Today the Pole Barn Guru answers questions about contact information to build a structure, whether or not to use a moisture barrier in a non-conditioned attic, and guidance to insulate a post frame building.
DEAR POLE BARN GURU: Hello, I have a quick question, do you have any regional contact information for people to build these barns? Thank you,
EARL in LOWER MICHIGAN
DEAR EARL: In many areas Hansen Pole Buildings can provide contact information of one or more possible contractors to erect buildings. We can let you know in advance if your area is one or not, however we will not provide names and numbers until after you have invested in a new post frame building kit package from us.
Why?
As much as we would like to believe otherwise, not every client or contractor is morally trustworthy. We have provided builder information to potential clients and had these same wonderful clients try to get builders to go around us and cut a better deal for their building materials. Conversely, we have had builders tell our clients to buy everything direct from them and they will get a better deal.

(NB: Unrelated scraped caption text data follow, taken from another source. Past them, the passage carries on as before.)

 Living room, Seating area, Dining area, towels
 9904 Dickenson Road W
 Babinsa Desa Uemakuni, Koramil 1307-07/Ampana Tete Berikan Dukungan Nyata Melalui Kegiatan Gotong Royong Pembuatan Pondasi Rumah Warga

When either of these situations occur, clients are shortchanging themselves as they are not getting a genuine third-party engineered Hansen Pole Building. We hear about these when problems occur (they almost always do) during construction and clients call our office looking for help! My sympathy level for these people is very low, as they have gotten themselves into their own predicament – generally with disastrous results. Often times these same builders fail to see Building Permits are obtained, or neglect to call for required inspections. Or, builders will provide non-engineered and under design buildings – prone to failing under snow or wind loads far below minimum standards.
If it sounds shady, it probably is.
DEAR POLE BARN GURU: Mike, thank you for all the great info…

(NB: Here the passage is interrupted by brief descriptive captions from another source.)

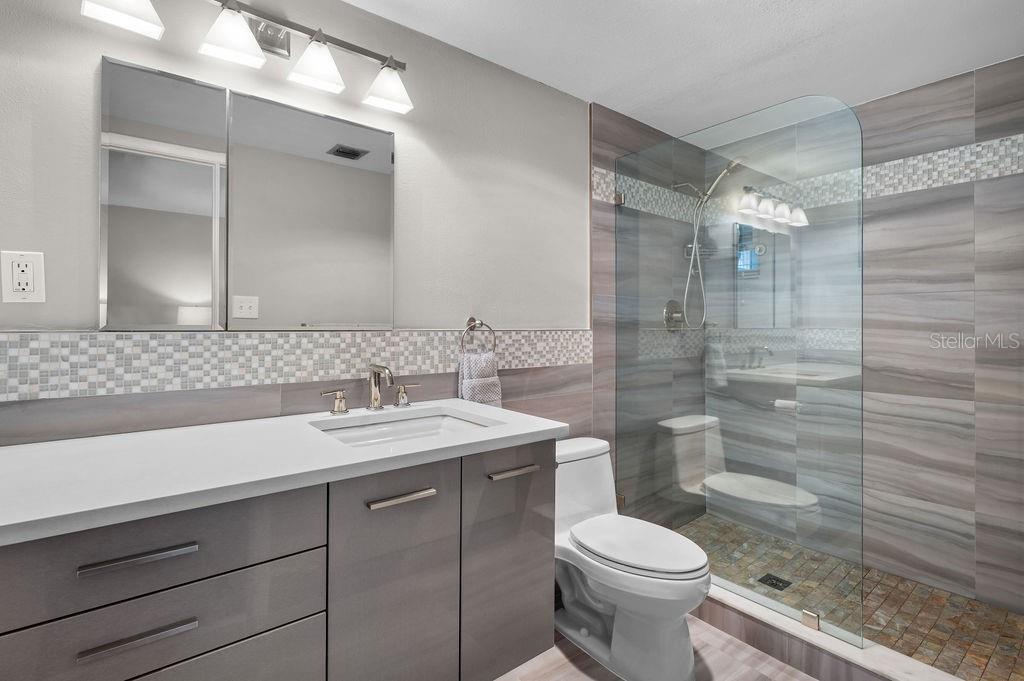 600 SUTTON PL #B302, LONGBOAT KEY, FL, 34228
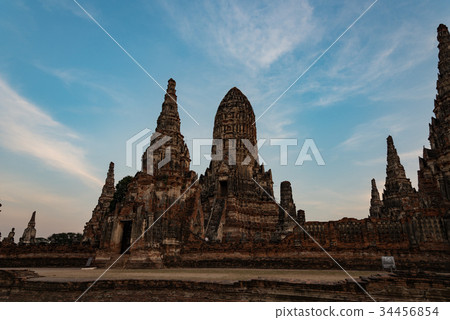 Wat Chaiwatthanaram in Ayutthaya, Thailand Wat Chaiwatthanaram in Ayutthaya, Thailand 34456854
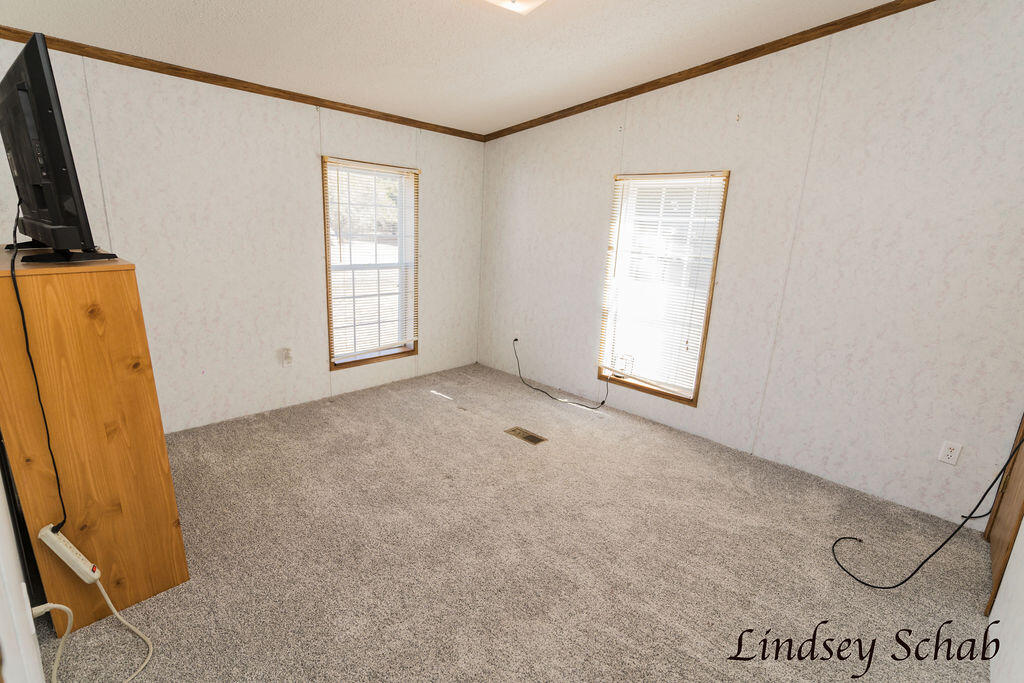 2211 E 13 Mile Road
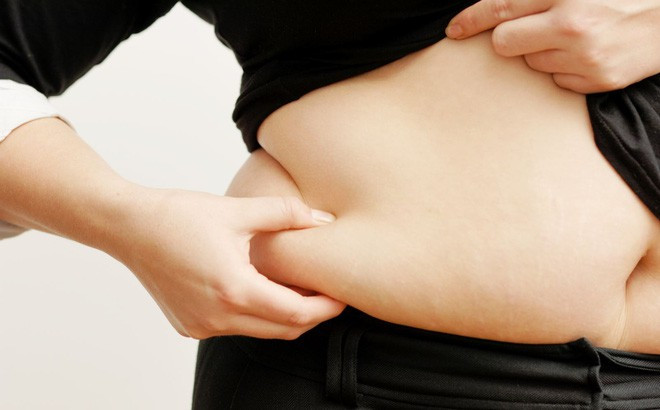 Mỡ thừa ở hai bên eo: Những người có mỡ thừa ở hai bên eo thường dễ có nguy cơ mắc bệnh tiểu đường hoặc tim mạch. Không chỉ vậy, họ còn dễ gặp phải các vấn đề như suy giảm trí nhớ, mất tập trung, thiếu tỉnh táo... Do đó, bạn nên thay đổi chế độ ăn uống lành mạnh hơn để ngăn ngừa các bệnh trên.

If I build a pole barn with attic storage and insulate only the walls and ceiling with blown in cellulose such that really only the interior ground floor space is insulated (and it will be heated in the winter), should I still worry about condensation on the roof sheet metal up in the attic, since the air up there should be at a similar temperature to outside? (There will be soffit vents and a ridge vent for attic air flow)
IE, do I need the bubble wrap material, or is it then unnecessary if the attic space is uninsulated?
Thanks! JESSE in CLEVELAND
DEAR JESSE: Thank you very much for your kind words!
Absolutely, you should be concerned about attic condensation. Warm moist air from inside your conditioned space will rise into attic and when it comes in contact with your building’s roof steel’s cooler surface it will condense (even with ventilation). For sake of ease of construction I would recommend an integrated Condensation Control Membrane (https://www.hansenpolebuildings.com/2014/07/condenstop/ ). It will be slightly more expensive for materials than a Reflective Radiant Barrier, however time saved should make it well worth your investment.
DEAR POLE BARN GURU: In central KY, would it be best to have outside metal, then house wrap on the girts, then plastic vapor barrier, then have blown or fiberglass insulation in the walls, then install metal interior? Is this the correct order or would this be wrong? Also on the ceiling and roof, would you put house wrap under the metal roof, then insulate directly against roof from inside, or just insulate directly on top of the ceiling, which would be metal, like the interior walls? Thank you!! BRAD in LEXINGTON
DEAR BRAD: Here is my definitive guide to post frame insulation: https://www.hansenpolebuildings.com/2018/06/pole-barn-insulation-oh-so-confusing/
In your case – you want moisture to be able to pass out of your wall cavity, so any vapor barrier needs to be on inside directly behind your finished wall surface material. House wrap (Weather Resistant Barrier or WRB) is not a vapor barrier. If installed directly under your roof steel it will allow warm moist air to pass through and you will have condensation between WRB and steel. Not good.
Directly between roof steel and purlins use one of these:
Properly sealed Radiant Reflective Barrier, Steel with Condenstop or Dripstop factory applied, 30# felt or Ice/Snow Shield over plywood or OSB, or (if none of those previously mentioned) two inches of closed cell spray foam. Me, I’d vote for Condenstop/Dripstop as it is a relatively low investment and easy to install. Blow in insulation on top of your ceiling.
And think hard about steel liner panels – they are more expensive than drywall, they reflect sound, there is a potential for condensation from your ceiling and it is difficult to attach things to walls (shelves, cabinets, work benches, etc.).